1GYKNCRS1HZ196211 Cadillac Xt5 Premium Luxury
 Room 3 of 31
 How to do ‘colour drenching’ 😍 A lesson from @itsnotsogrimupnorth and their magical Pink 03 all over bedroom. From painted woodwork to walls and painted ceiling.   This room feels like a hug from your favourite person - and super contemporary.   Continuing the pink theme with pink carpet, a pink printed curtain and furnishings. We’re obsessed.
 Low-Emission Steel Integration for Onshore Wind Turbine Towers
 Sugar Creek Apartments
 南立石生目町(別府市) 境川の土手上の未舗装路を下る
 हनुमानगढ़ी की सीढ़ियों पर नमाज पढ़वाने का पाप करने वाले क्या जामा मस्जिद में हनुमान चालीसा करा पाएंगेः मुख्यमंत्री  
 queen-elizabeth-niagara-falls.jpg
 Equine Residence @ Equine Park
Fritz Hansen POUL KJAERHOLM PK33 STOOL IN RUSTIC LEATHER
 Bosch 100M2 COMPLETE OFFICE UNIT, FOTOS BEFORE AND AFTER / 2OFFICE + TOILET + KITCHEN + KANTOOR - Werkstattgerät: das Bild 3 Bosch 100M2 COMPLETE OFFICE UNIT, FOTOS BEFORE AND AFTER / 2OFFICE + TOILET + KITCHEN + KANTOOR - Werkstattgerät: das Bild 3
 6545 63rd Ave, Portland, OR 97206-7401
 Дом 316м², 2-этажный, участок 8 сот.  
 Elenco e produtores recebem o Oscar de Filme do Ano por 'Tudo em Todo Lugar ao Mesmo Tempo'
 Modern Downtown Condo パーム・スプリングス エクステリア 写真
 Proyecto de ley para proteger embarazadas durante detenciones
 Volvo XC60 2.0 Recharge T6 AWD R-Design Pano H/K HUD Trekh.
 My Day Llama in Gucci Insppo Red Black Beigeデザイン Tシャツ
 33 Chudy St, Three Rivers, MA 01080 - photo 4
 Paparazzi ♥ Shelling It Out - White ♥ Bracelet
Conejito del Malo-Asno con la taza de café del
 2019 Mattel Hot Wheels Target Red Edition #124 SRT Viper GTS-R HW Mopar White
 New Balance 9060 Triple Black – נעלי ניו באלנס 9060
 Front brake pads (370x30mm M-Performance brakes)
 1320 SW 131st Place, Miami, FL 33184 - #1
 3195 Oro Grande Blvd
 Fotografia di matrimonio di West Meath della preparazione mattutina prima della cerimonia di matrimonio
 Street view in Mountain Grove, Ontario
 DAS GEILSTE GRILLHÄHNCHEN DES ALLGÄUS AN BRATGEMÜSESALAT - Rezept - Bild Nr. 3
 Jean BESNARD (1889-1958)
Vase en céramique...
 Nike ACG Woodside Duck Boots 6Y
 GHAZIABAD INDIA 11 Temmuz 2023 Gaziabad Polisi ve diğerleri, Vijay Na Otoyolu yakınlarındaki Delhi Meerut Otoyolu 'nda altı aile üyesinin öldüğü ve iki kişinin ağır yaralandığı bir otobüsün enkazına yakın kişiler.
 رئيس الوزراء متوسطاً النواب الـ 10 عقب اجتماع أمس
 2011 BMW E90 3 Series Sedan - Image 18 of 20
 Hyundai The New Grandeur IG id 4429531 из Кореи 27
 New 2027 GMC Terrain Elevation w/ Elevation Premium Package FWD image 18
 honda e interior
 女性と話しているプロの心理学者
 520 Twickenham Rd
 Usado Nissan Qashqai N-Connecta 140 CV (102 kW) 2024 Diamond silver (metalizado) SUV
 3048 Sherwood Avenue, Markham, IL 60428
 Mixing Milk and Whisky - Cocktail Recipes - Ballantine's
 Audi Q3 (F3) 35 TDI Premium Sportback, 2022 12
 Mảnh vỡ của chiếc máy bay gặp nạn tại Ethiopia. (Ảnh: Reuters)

###

Instructions to follow
All lines from the records above should be copied exactly.

Written reply
1GYKNCRS1HZ196211 Cadillac Xt5 Premium Luxury
 Room 3 of 31
 How to do ‘colour drenching’ 😍 A lesson from @itsnotsogrimupnorth and their magical Pink 03 all over bedroom. From painted woodwork to walls and painted ceiling.   This room feels like a hug from your favourite person - and super contemporary.   Continuing the pink theme with pink carpet, a pink printed curtain and furnishings. We’re obsessed.
 Low-Emission Steel Integration for Onshore Wind Turbine Towers
 Sugar Creek Apartments
 南立石生目町(別府市) 境川の土手上の未舗装路を下る
 हनुमानगढ़ी की सीढ़ियों पर नमाज पढ़वाने का पाप करने वाले क्या जामा मस्जिद में हनुमान चालीसा करा पाएंगेः मुख्यमंत्री  
 queen-elizabeth-niagara-falls.jpg
 Equine Residence @ Equine Park
Fritz Hansen POUL KJAERHOLM PK33 STOOL IN RUSTIC LEATHER
 Bosch 100M2 COMPLETE OFFICE UNIT, FOTOS BEFORE AND AFTER / 2OFFICE + TOILET + KITCHEN + KANTOOR - Werkstattgerät: das Bild 3 Bosch 100M2 COMPLETE OFFICE UNIT, FOTOS BEFORE AND AFTER / 2OFFICE + TOILET + KITCHEN + KANTOOR - Werkstattgerät: das Bild 3
 6545 63rd Ave, Portland, OR 97206-7401
 Дом 316м², 2-этажный, участок 8 сот.  
 Elenco e produtores recebem o Oscar de Filme do Ano por 'Tudo em Todo Lugar ao Mesmo Tempo'
 Modern Downtown Condo パーム・スプリングス エクステリア 写真
 Proyecto de ley para proteger embarazadas durante detenciones
 Volvo XC60 2.0 Recharge T6 AWD R-Design Pano H/K HUD Trekh.
 My Day Llama in Gucci Insppo Red Black Beigeデザイン Tシャツ
 33 Chudy St, Three Rivers, MA 01080 - photo 4
 Paparazzi ♥ Shelling It Out - White ♥ Bracelet
Conejito del Malo-Asno con la taza de café del
 2019 Mattel Hot Wheels Target Red Edition #124 SRT Viper GTS-R HW Mopar White
 New Balance 9060 Triple Black – נעלי ניו באלנס 9060
 Front brake pads (370x30mm M-Performance brakes)
 1320 SW 131st Place, Miami, FL 33184 - #1
 3195 Oro Grande Blvd
 Fotografia di matrimonio di West Meath della preparazione mattutina prima della cerimonia di matrimonio
 Street view in Mountain Grove, Ontario
 DAS GEILSTE GRILLHÄHNCHEN DES ALLGÄUS AN BRATGEMÜSESALAT - Rezept - Bild Nr. 3
 Jean BESNARD (1889-1958)
Vase en céramique...
 Nike ACG Woodside Duck Boots 6Y
 GHAZIABAD INDIA 11 Temmuz 2023 Gaziabad Polisi ve diğerleri, Vijay Na Otoyolu yakınlarındaki Delhi Meerut Otoyolu 'nda altı aile üyesinin öldüğü ve iki kişinin ağır yaralandığı bir otobüsün enkazına yakın kişiler.
 رئيس الوزراء متوسطاً النواب الـ 10 عقب اجتماع أمس
 2011 BMW E90 3 Series Sedan - Image 18 of 20
 Hyundai The New Grandeur IG id 4429531 из Кореи 27
 New 2027 GMC Terrain Elevation w/ Elevation Premium Package FWD image 18
 honda e interior
 女性と話しているプロの心理学者
 520 Twickenham Rd
 Usado Nissan Qashqai N-Connecta 140 CV (102 kW) 2024 Diamond silver (metalizado) SUV
 3048 Sherwood Avenue, Markham, IL 60428
 Mixing Milk and Whisky - Cocktail Recipes - Ballantine's
 Audi Q3 (F3) 35 TDI Premium Sportback, 2022 12
 Mảnh vỡ của chiếc máy bay gặp nạn tại Ethiopia. (Ảnh: Reuters)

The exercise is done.